Paul Nicodemus of The Times of India gave 3 1/2 / 5 stars and wrote "Tillu Square is a captivating entertainer that guarantees smiles and leaves the audience feeling elated and satisfied. It’s a must-watch for anyone seeking two hours of fun-filled entertainment". Avad Mohammed of OTTplay gave 3 1/2 / 5 stars and wrote "Tillu Square lives up to the hype and has the right dose of comedy, twists, and romance. The one-liners, Siddhu Jonnalagadda's stand-out act, and Anuapam Parameswaran's shocking new avatar are the icing on the cake."

Priyanka Sundar of Firstpost gave three out of five stars and wrote "The one thing that was unfortunate in Tillu Square is the makers attempt to include bits and pieces that was a call back to the original". Raghu Bandi of The Indian Express gave three out of five stars and wrote "Tillu Square is filled with punchy one-liners. Most of them refer generously to DJ Tillu. If you have seen the first part, your enjoyment of this film might be multifold. Even otherwise, the comedy here is excellent".

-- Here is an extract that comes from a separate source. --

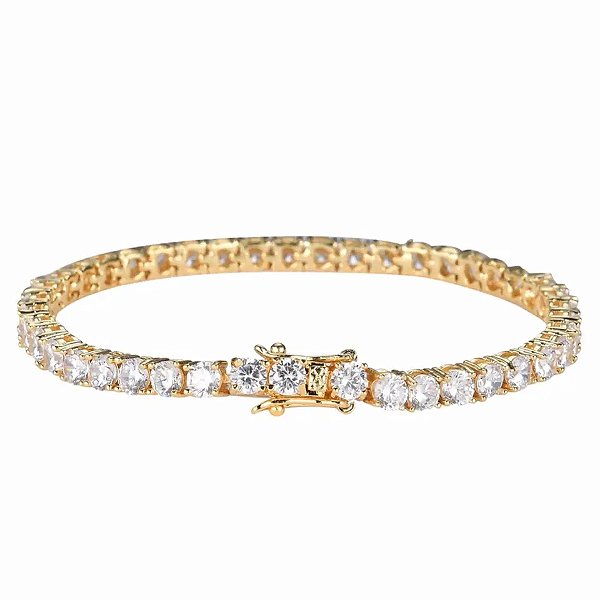 Pulseira Riviera 3MM Gold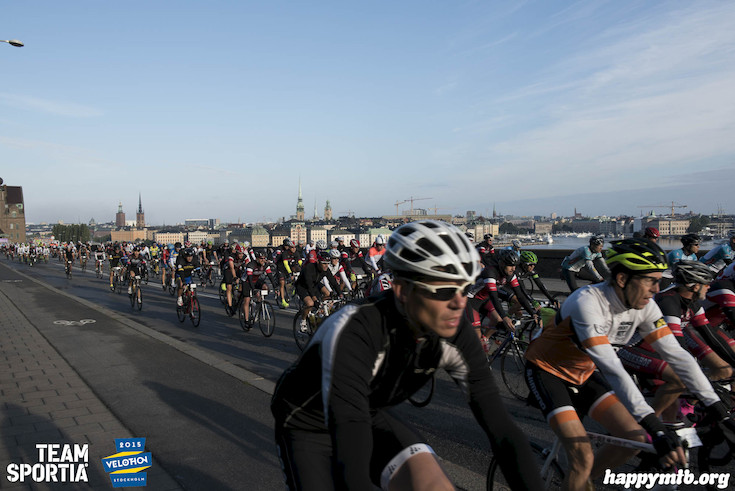 Bild från Velothon Stockholm 2015 - 165km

Janani K of India Today gave three out of five stars and wrote "All in all, Siddhu Jonnalagadda's Tillu Square is an entertaining film that works for the most part. The film's comedy and Siddhu's performance are its major strengths helping it match to the hype of its prequel DJ Tillu". BVS Prakash of Deccan Chronicle gave two out of five and wrote "Siddhu Jonnalagadda is back in his elements and evokes enough fun with his comic-punchlines and unique mannerisms, but it is not enough to pull off a 2 and half hour film that rides on an impossible mission".

Ram Venkat Srikar of Film Companion wrote "Siddhu Jonnalagadda's sequel rights the wrongs of the original to deliver a frequently funny outing". Sangeetha Devi Dundoo of The Hindu wrote "A terrific Siddhu Jonnalagadda and smart writing make Tillu Square a fun ride as the sequel builds on the familiarity of the first film".

== Sequel ==
A sequel's title, Tillu Cube, was revealed before the end credits of the film.